Goal of the exercise:
Retype all of the listing exactly, with no pictures.

*** Opening of Source material ***

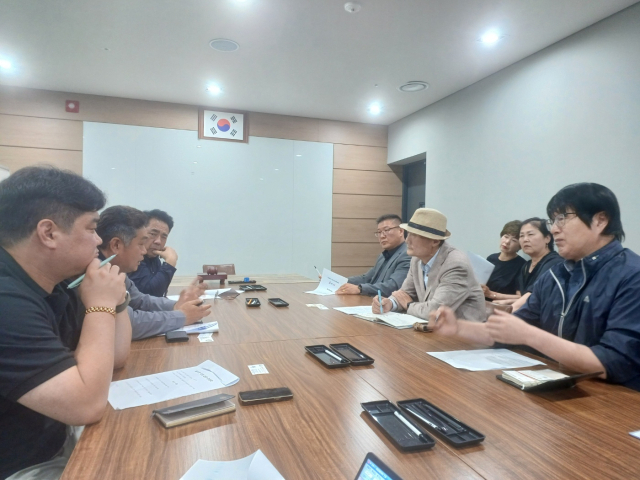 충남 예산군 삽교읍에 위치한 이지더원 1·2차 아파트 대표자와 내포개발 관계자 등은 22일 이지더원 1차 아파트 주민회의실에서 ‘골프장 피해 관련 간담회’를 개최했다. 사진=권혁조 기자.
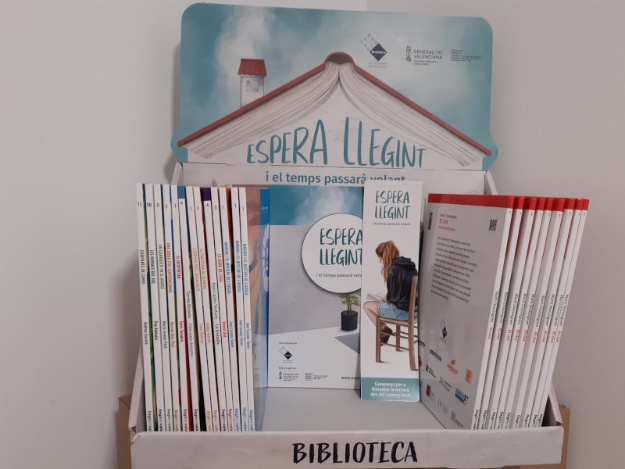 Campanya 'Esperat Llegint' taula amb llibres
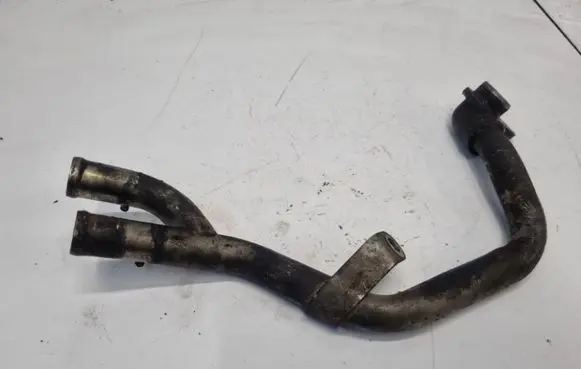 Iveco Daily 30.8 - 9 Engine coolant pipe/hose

*** Close of Source material ***

Exercise response:
 충남 예산군 삽교읍에 위치한 이지더원 1·2차 아파트 대표자와 내포개발 관계자 등은 22일 이지더원 1차 아파트 주민회의실에서 ‘골프장 피해 관련 간담회’를 개최했다. 사진=권혁조 기자.
 Campanya 'Esperat Llegint' taula amb llibres
 Iveco Daily 30.8 - 9 Engine coolant pipe/hose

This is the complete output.